DIY Organic Vegan Nonstick Cooking Spray Recipe

I don’t know about everybody else out there but the ingredients of the nonstick sprays on the market do not sound very healthy or natural. See an example at the end of this page.

Olive Oil



*3 to 5 parts Extra Virgin Olive Oil to filtered water.

Mix ingredients in an 8 fl oz spray bottle which you can buy cheap at your local drug store. Shake well before each use.
Store in the refrigerator and use within one week.


Number of Servings: 16.

Takes about 5 minutes total for this Recipe.

Nutrition Facts for my Organic Vegan Nonstick Cooking Spray Recipe!
  • Calories: 45.0
  • Protein: 0.0 g.
  • Fat: 5.3 grams
  • Saturated Fat: 0.5 mg.
  • Cholesterol: 0.0 mg.
  • Carbs: 0.0 g.
  • Sodium: 0.1 mg.
  • Fiber 0.0 g.

*Of course with any recipe, nutrition facts may be a bit different based on what food brands you use.


*Here is a breakdown of what your using when you buy the average store bought cooking spray.

I am going to use PAM Non-Stick Cooking Spray’s ingredients as an example.

PAM Non-Stick Cooking Spray’s ingredients from the bottle and what the ingredients actually are:

  • Soybean Oil (Adds a Trivial Amount of Fat) = Processed soybean oil (high in omega 6 fats, do your own research).


  • Lecithin from Soybeans = a substance that is extracted from soybeans using a solvent such as hexane, and it’s a by-product of soybean oil. Traces of hexane have been found in foods processed this way, do your own research.

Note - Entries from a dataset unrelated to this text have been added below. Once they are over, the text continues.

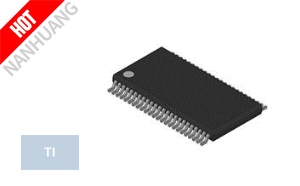 SN74ALVC16244ADGG
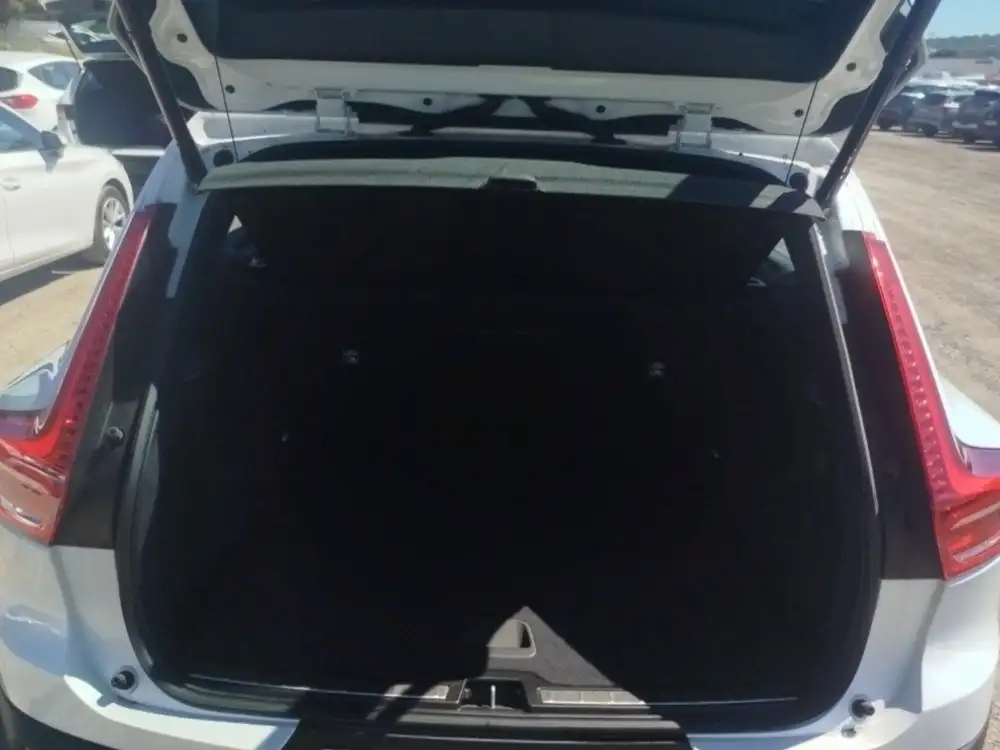 VOLVO xc40 - Foto 11 | Clidrive
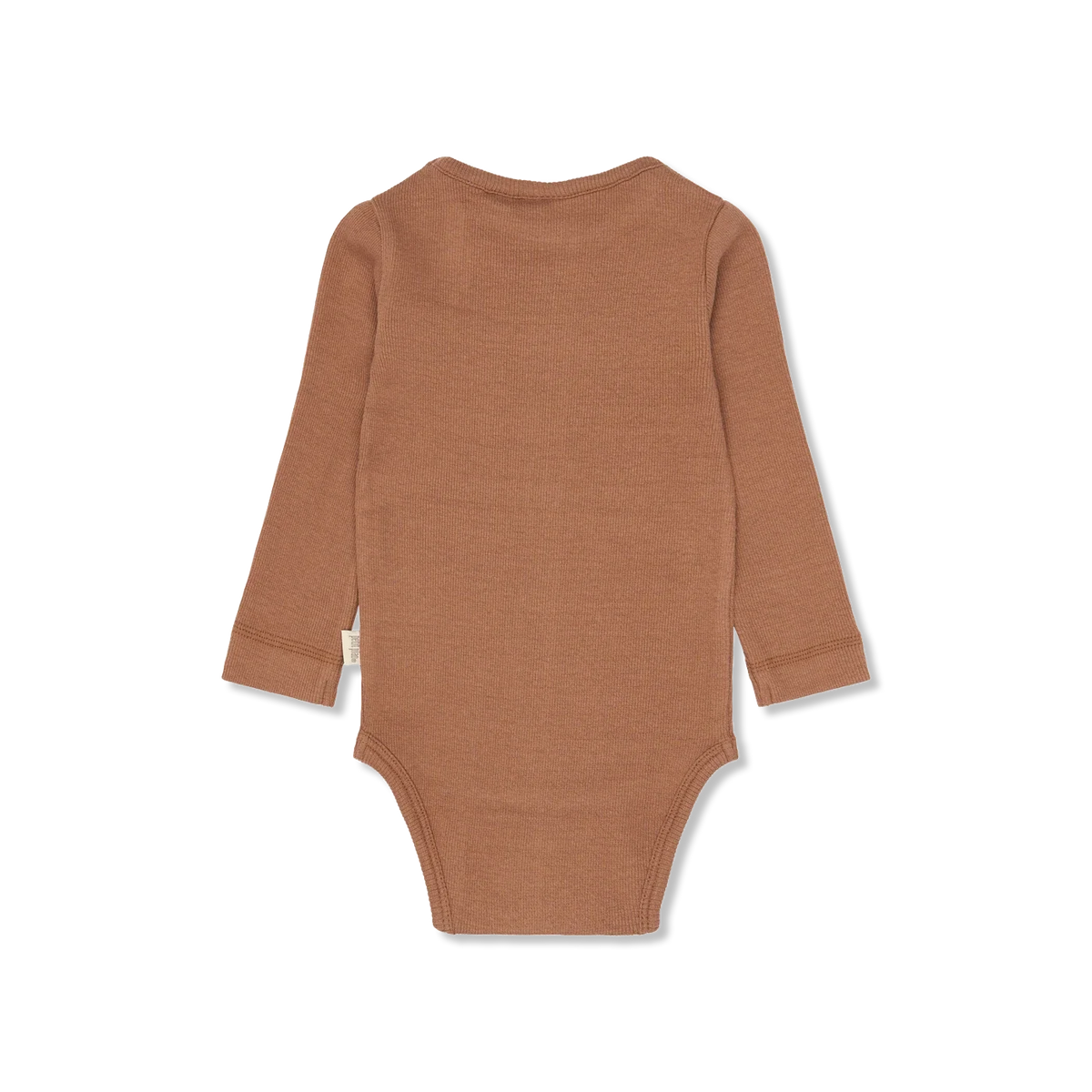 Ppstone Romper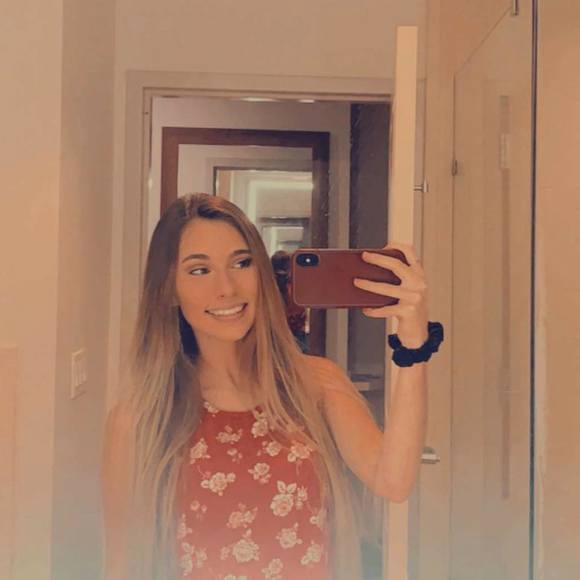 vannahsmith
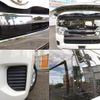 toyota hiace-van 2019 quick_quick_CBF-TRH200V_TRH200-5039803 image 9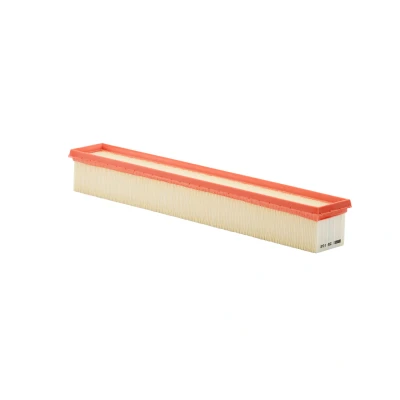 Billede af MANN FILTER C 55 102 Kabinefilter Partikelfilter 559 76 70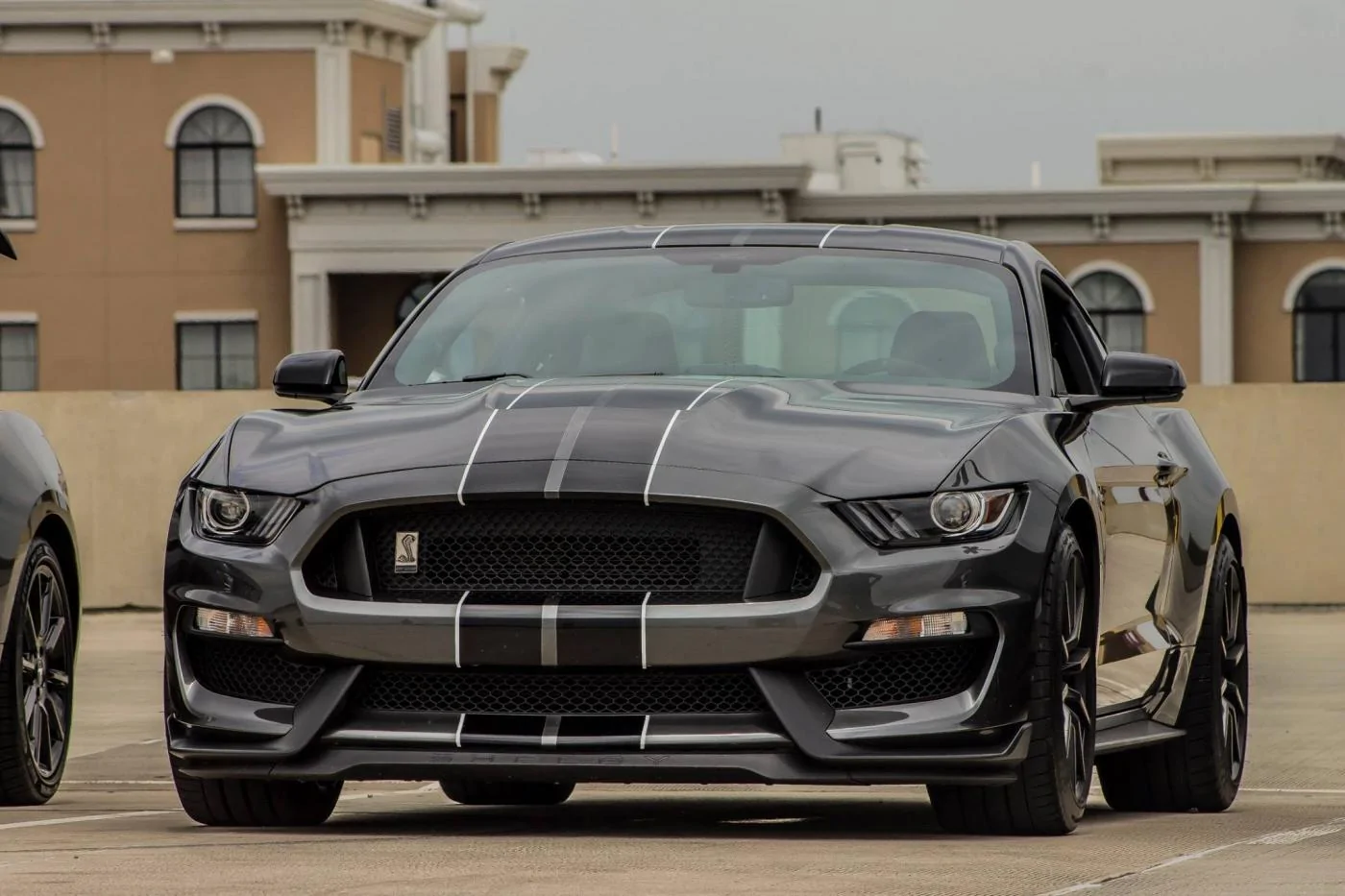 M6G Meet 2016-05 - 03.webp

  • Wheat Flour = A “wheat flour” or “enriched wheat flour” ingredient is technically no different than white flour. Manufacturers take whole-grain wheat, strip out 11 vitamins and minerals, then add synthetic chemicals that represent only four vitamins and one mineral. Look up health consequences of eating wheat flour.


  • Silicon Dioxide = Silicon Dioxide is a popular additive in many food handling processes. According to the Environmental Protection Agency (EPA) “human health risk from exposure to silicon dioxide and silica gel is low. These pesticides are of moderate to low acute toxicity. Dietary exposure is believed to be insignificant from a toxicological standpoint. Research.



  • TBHQ (Preservative)Propellant = A Consumer’s Dictionary of Food Additives states that TBHQ is a form of butane (i.e. lighter fluid) the FDA allows processors to use sparingly in our food.

Um, no thanks!

If that isn’t a reason to use olive oil, I don’t know what is!